The day our daughter learned how to download apps was the day we became years behind in parenting. Just last week, I learned how to install a keyboard on my iPhone that contains emoticons. Yes, just last week. Now I end every message with some type of image that simplifies the main idea of my communication. If we’re out of kitty kibble, then I’ll send my husband a text asking him to stop at the store before coming home.
Ringo needs food, I write. And then I add two images: a paw print and a plate of spaghetti.
The app that’s trending now is called Snapchat, and if you haven’t heard of it (please tell me you haven’t), clear your calendar for the next five minutes and read on.
I’m serious when I type that I hope I’m not alone in this new Snapchat discovery. I like to think of myself as a newcomer when it comes to teenage interests, but when it comes to technology, teenagers call me an oldtimer. I guess the emoticon thing showed my age.
According to website research, Snapchat is a photo messaging app developed by two students once enrolled at Stanford University. After downloading Snapchat, customers can use their cellphones to take photos, shoot videos, add drawings and content to send to a list of recipients. If the user sends a video or a picture, then the content is called a “Snap”. Everything else is just a chat.
Teens (and tweens that are underage) are in love with the app because Snaps aren’t supposed to last forever. The user sets a time limit for the Snap to be available to the list of recipients once it’s opened, from one to 10 seconds. Once this timeframe ends, the Snaps are hidden from the recipient’s iPhone or Andriod, and it’s deleted from Snapchat’s server — at some point, which isn’t quite clear.
Studies show that Snapchat is most popular among teens, but the over-40 crowd is getting in on the action as a means of monitoring their children’s activity. However, the two Stanford University students who became wealthy entrepreneuers at a tune of $860 million (with an option to sell to Facebook for $3 billion — but they declined), also created an app for the even younger market. Snapkidz, an app for boys and girls under the age of 13, is a sibling app that allows children to take snaps and draw on them, but their creations can’t be sent to anyone else, nor can the artwork be saved.
Why should parents be concerned? As a starting point, Snaps come and go so quickly that parents might not be able to keep up with the content being sent or received by their children. To that end, Snapchat has developed a nine page guide for parents, which explains virtually every aspect of the app to help ease concerns. However, this parent didn’t feel much better about the app after reading a section that explained that it’s “not okay to create, send, receive, or save a sexually explicit image of a minor.”
But wait — I thought images disappeared in as little as two seconds!

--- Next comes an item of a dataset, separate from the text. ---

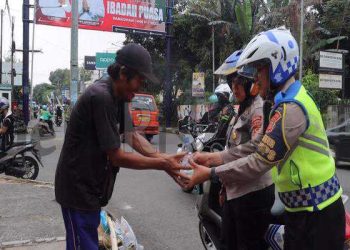 Gunakan Motor Sambil Patroli, Polisi dan Jajaran Bagikan Ratusan Takjil Untuk Berbuka Puasa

Snapchat went on to state in the guide that “…although messages are designed to disappear in 10 seconds or less, there is NO guarantee that the recipeient won’t take a picture (screenshot) of the message.”

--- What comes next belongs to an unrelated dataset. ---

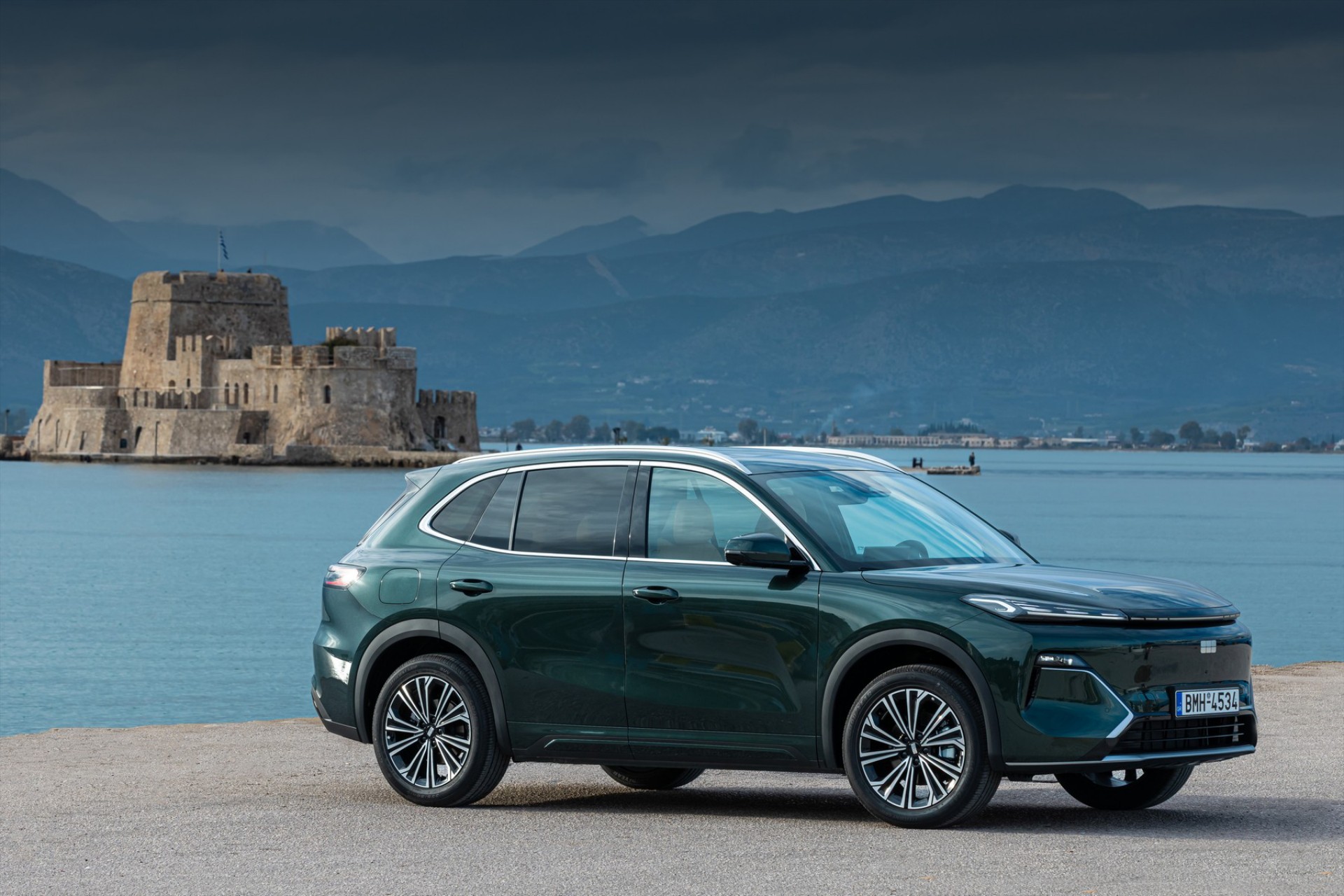 Η Geely έφτιαξε τον υβριδικό κινητήρα θαύμα - Έκανε ρεκόρ Γκίνες με 2,22 lt στα 100 km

While the app is free, the fun may be costly — if not dangerous. Parents need to preach until they’re blue in the face that THINK BEFORE YOU SEND is the number one rule for any type of social networking. This also pertains to THINK BEFORE YOU RECEIVE, given the frequency of inappropriate Snaps and sexting traffic. If parents intend to oversee the messages their teen receives through Snapchat, “then mom or dad should instruct their teen not to open Snapchat messages until they can be viewed together.”
Right. As if that’s going to happen.
But Snapchat also advises parents to look at the app through teenage eyes. It’s designed to be a source of entertainment (the type of entertainment is hotly debated, no pun intended). The creators stress that “…life is to be shared in the moment, for the moment. If you aren’t enjoying it, then you’re doing it wrong.”
However, in this mother’s opinion, if you delete the app from your child’s phone, you’re doing it right.